[Web page caption snippets]
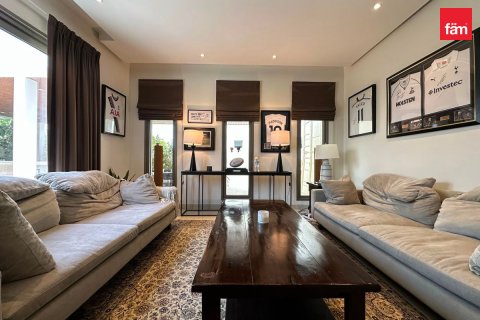 Villa à vendre à  Al Furjan, Dubai, EAU 6 chambres, 610.6 m2 № 758164 - photo 2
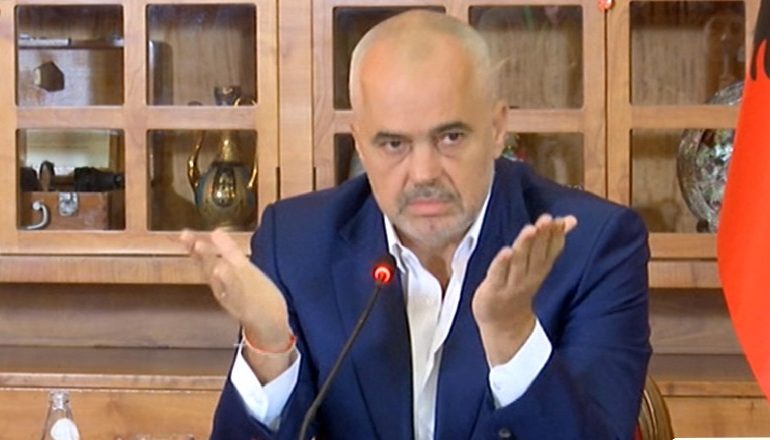 “PUSHTIMI I PLAZHEVE”/ Rama u heq administrimin e vijës bregdetare bashkive: Në shtator ligji i ri (VIDEO)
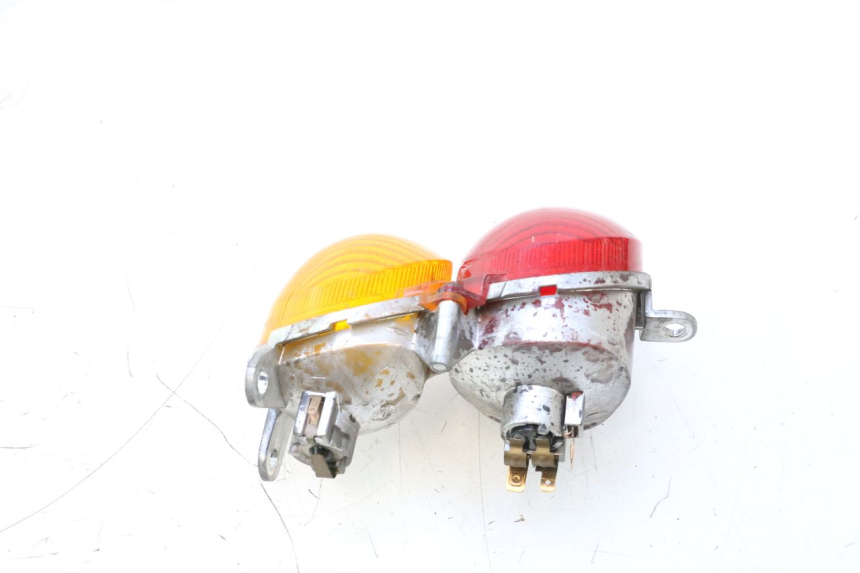 photo de LUZ TRASERA IZQUIERDA YAMAHA YP MAJESTY 125 (1998 - 2001) - Zoom estado de uso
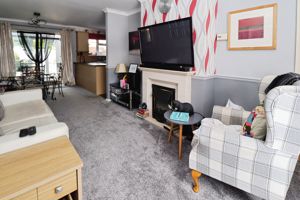 TYLNEY CLOSE- click for photo gallery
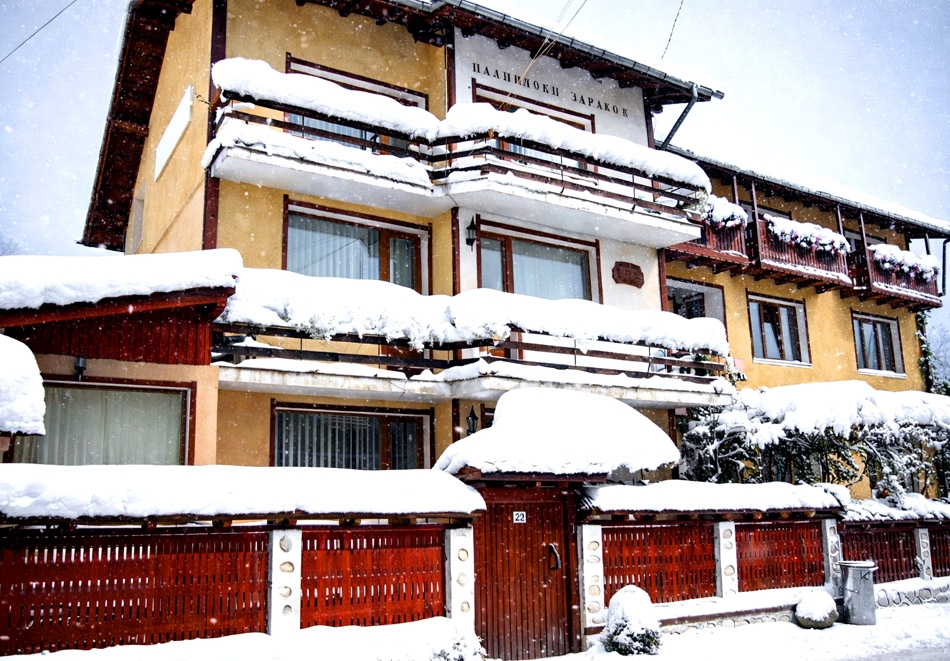 Почивка в Банско: Нощувка на човек със закуска или закуска и вечеря от къща за гости Планински Здравец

▶ _Exercise requirements_
Leave every picture out and retype exactly the lines of the records above from the one holding "photo de LUZ" through the last, both ends included and nothing besides.

▶ _Solution to this problem_
 photo de LUZ TRASERA IZQUIERDA YAMAHA YP MAJESTY 125 (1998 - 2001) - Zoom estado de uso
 TYLNEY CLOSE- click for photo gallery
 Почивка в Банско: Нощувка на човек със закуска или закуска и вечеря от къща за гости Планински Здравец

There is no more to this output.